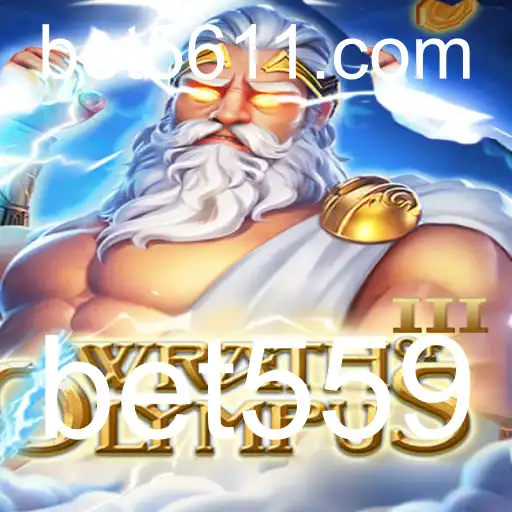 Explorando o Universo de WrathofOlympusIII: Um Guia Completo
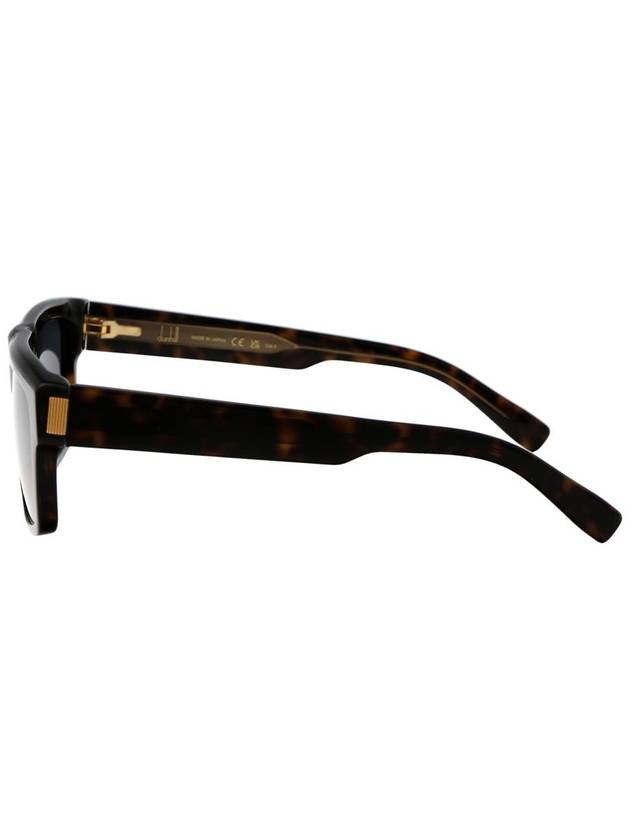 Dunhill Sunglasses - DUNHILL - BALAAN 3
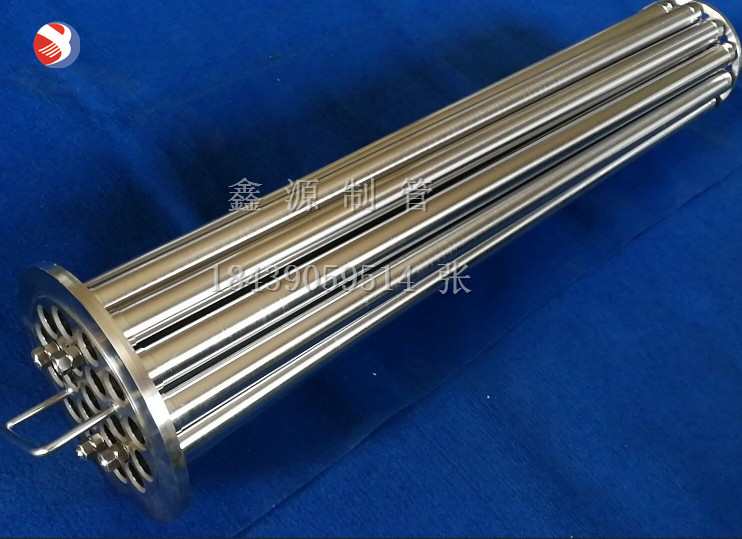 楔形篩板污水處理篩筒梯形絲不銹鋼焊接式礦篩網(wǎng)水過(guò)濾分離濾芯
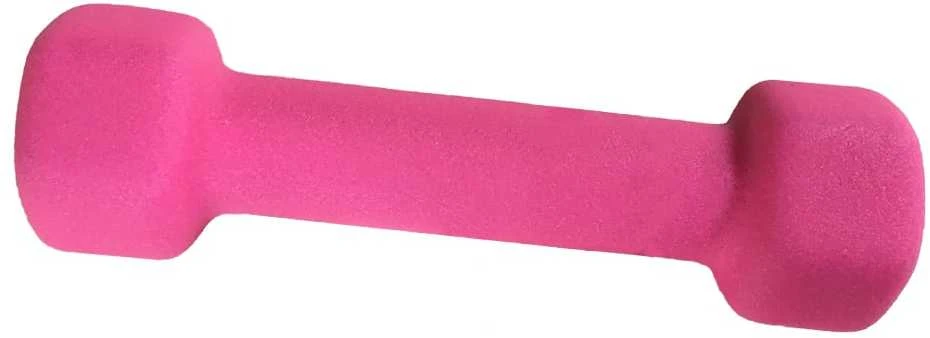 NEOPRENINIS SVARMUO OUTLINER YLDB04B 0.5KG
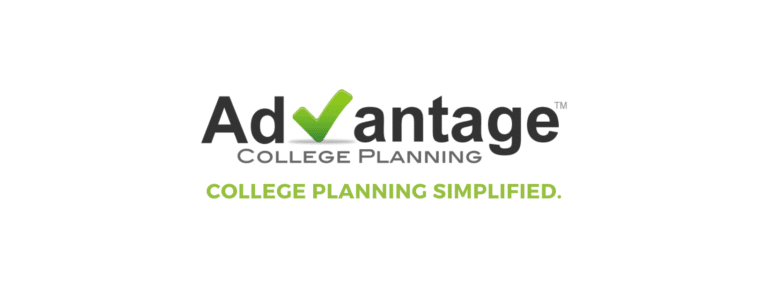Advantage College Planning franchise
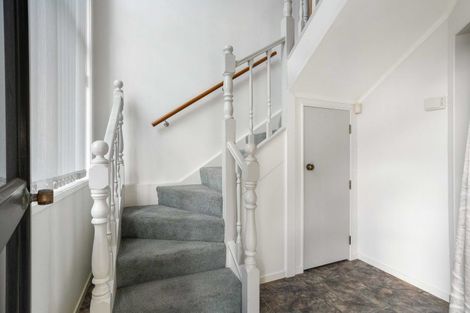 Photo of property in 231b Rangi Avenue, Whangamata, 3620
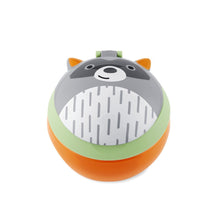Load image into Gallery viewer, Skip Hop Zoo Snack Cup
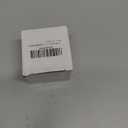 Faucet Cartridge Replacement for Hansgrohe 94008000 94009000, Replacement Faucet Cartridge Compatible with Hansgrohe Faucet, Cold Hot kitchen Faucet Cartridge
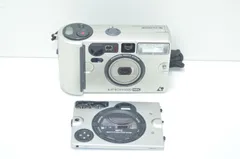 2026年最新】EPION 3500 MRCの人気アイテム - メルカリ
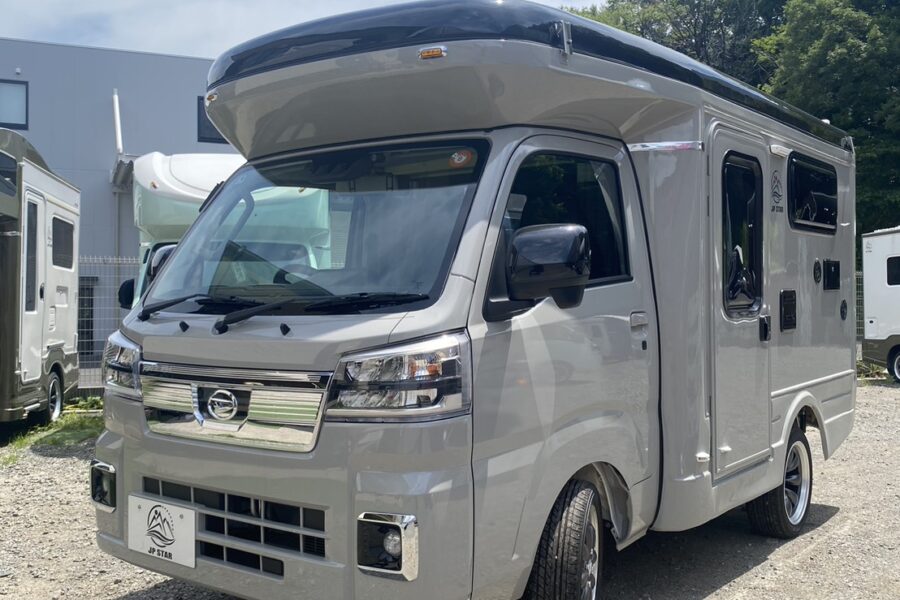 車両紹介 - happy1+（ハッピーワンプラス）を買うなら株式会社ハピキャン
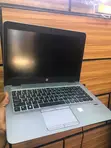 HP EliteBook 840 G3 Laptop - Intel Core i5, 8GB RAM, 256GB SSD - 2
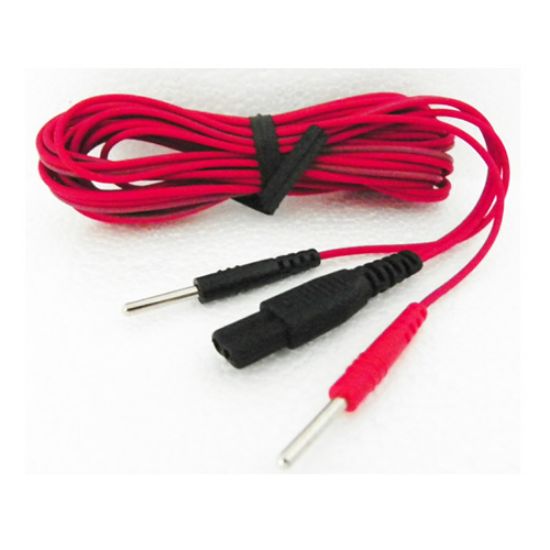 Picture of Wire Lead for ITO ES-160 Unit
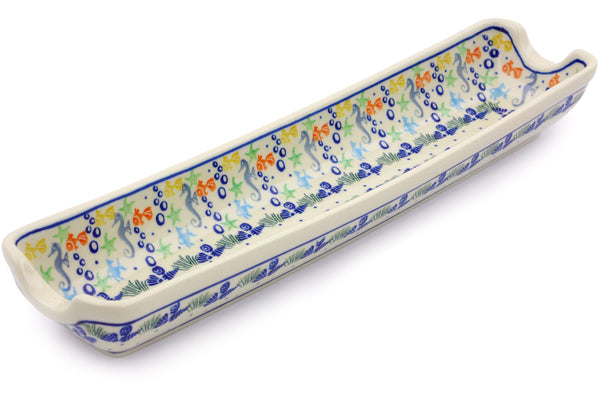 Rolling Pin Cradle 13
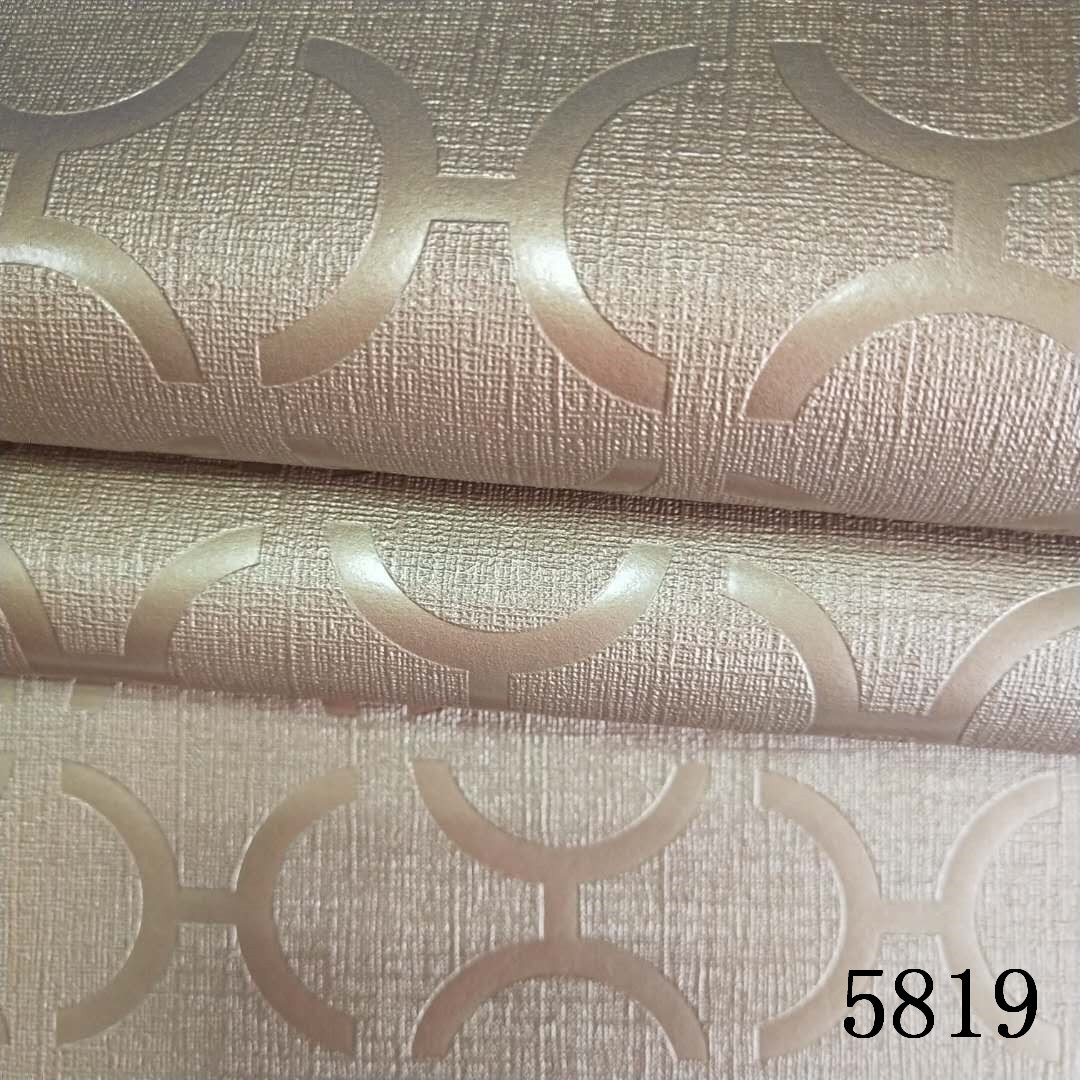 Manufacturers spot wholesale wear-resistant PVC artificial leather soft bag background wall decorative leather sofa leather shift door leather case leather Application Scenario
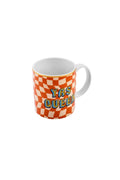 Motto Queen Mug 360 Ml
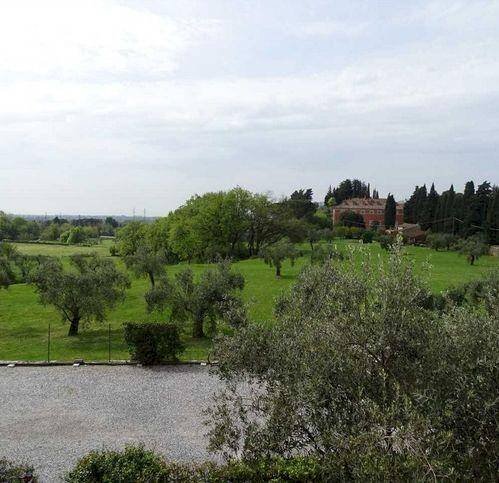 Appartamento Fosdinovo - foto 3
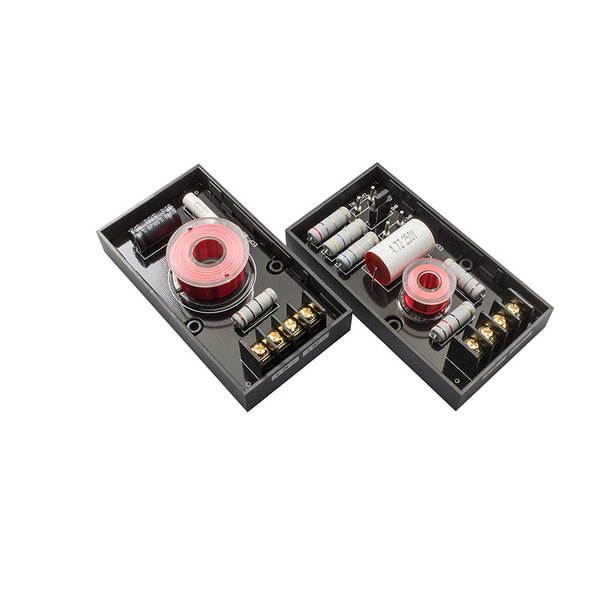 Emphaser Emphaser ECP-M6 - 2-weg Composet - 16,5 cm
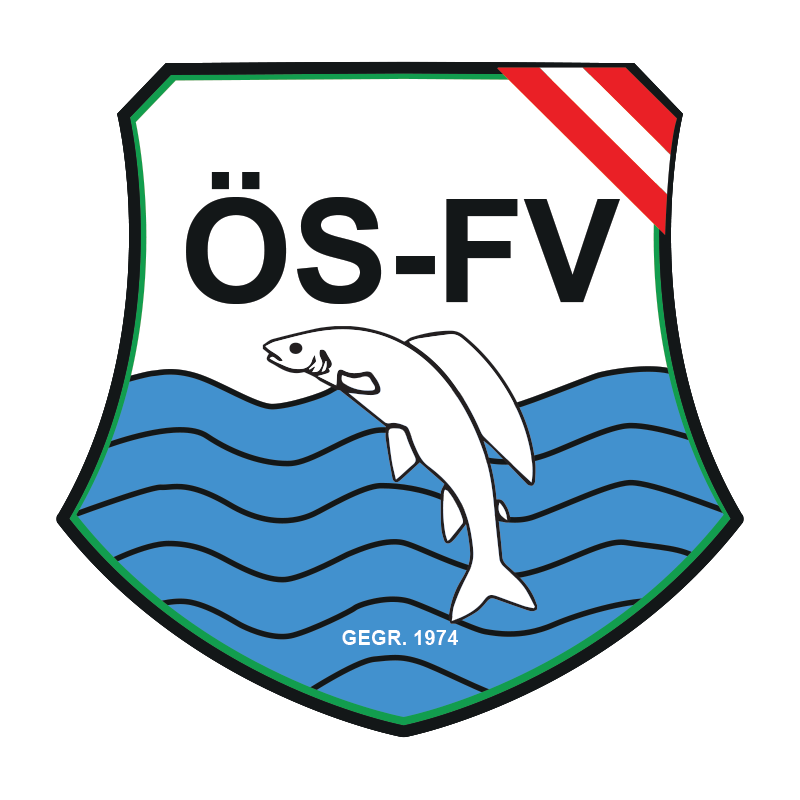 Österreichischer Sport- und Fischerei Verband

·····

[About this exercise] All that should be printed is the lines from the one containing "車両紹介 - happy1+（ハッピーワンプラス）を買うなら株式会社ハピキャン" through the last line of the material above, both ends included, exactly as they stand; please skip the pictures.

[Result for this exercise]
 車両紹介 - happy1+（ハッピーワンプラス）を買うなら株式会社ハピキャン
 HP EliteBook 840 G3 Laptop - Intel Core i5, 8GB RAM, 256GB SSD - 2
 Picture of Wire Lead for ITO ES-160 Unit
 Rolling Pin Cradle 13
 Manufacturers spot wholesale wear-resistant PVC artificial leather soft bag background wall decorative leather sofa leather shift door leather case leather Application Scenario
 Motto Queen Mug 360 Ml
 Appartamento Fosdinovo - foto 3
 Emphaser Emphaser ECP-M6 - 2-weg Composet - 16,5 cm
 Österreichischer Sport- und Fischerei Verband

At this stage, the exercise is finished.